In this work we are looking at models from the prior work on classification models (Clement 2019a). While that work examined five different classification models, here we will only be focusing on three of those models, and have eliminated the logistic regression and random forest models. This was done in the interest of brevity and focus, as those were the two-worst-performing models. The three remaining models are k-Nearest Neighbours (kNN), Multi-Layer Perceptron (MLP) and Gradient Boosting Classifier (GBC). These three models all performed well in predicting the EP values, and the goal of this work is to evaluate their performance at predicting the individual probabilities that feed into those values.

We are retaining the same features as before - down, distance, and field position - as the core features behind any EP model. There are other features of value, such as time and home field advantage, that have shown themselves quite useful (Horowitz, Yurko, and Ventura 2017), in order to reduce the dimensionality of the models and make preliminary determinations about the efficacy of various models. Data from the 2019 season has been added to the database (Clement 2020b), and will be included in this evaluation. The addition of the data did not noticeably change the performance of any of the models.
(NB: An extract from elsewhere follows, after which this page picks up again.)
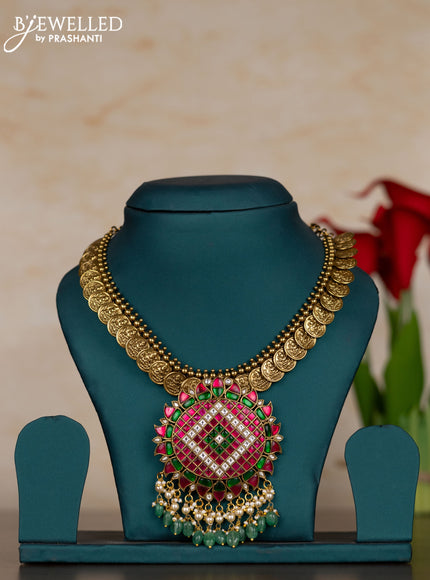 Jadau necklace with kemp jadau kundan stones and pearl & mint green beads hangings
The models are each described in brief below; a more thorough examination of these models can be found in the previous work or in the sklearn documentation (Pedregosa et al. 2011).

a. kNN

The k-Nearest Neighbours sklearn.neighbors.kNeighborsClassifier model was the worst-performing of the three models, but still had excellent performance and gave comparable performance to the other two models while requiring a fraction of the training time. It also provides a benchmark for the more complex models. kNN can perform well in data-rich areas because there is enough information to be able to take a simple mean, and even in data-sparse environments it can give passable results, but it struggles near the boundaries of the domain of the input data, because it has to draw from outside its own point, but it cannot draw symmetrically, so it ends up drawing additional data in only one direction, towards the centre of the data, since no data exists in the other direction. This is especially visible at the corners of the dataset.

b. MLP

The Multi-Layer Perceptron sklearn.neural_network.MLPClassifier was one of the two top-performing models based on their EP values (Clement 2019a). Unfortunately both of the top performers had very slow fit times, raising questions about scalability of the models. While standardizing the inputs is recommended for the MLP (Pedregosa et al. 2011), the model has proven very effective with no preprocessing of the data. The strength of a neural network is in finding the interactions between features, which is especially important in areas such as the red zone, where the assumption of linearity breaks down and where the kNN model is weakest.

c. GBC

Gradient Boosting Classifiers are an ensemble method that comes from sklearn.ensemble.GradientBoostingClassifier and are a form of tree model where each tree builds on its predecessor. The GBC performed comparably to the MLP model, but with even slower fit times. GBC handles categorical data as well as continuous, and even though sklearn itself does not support categorical features, the ordinal nature of downs allows GBC to treat them categorically. This will also prove useful for the addition of further features to the model.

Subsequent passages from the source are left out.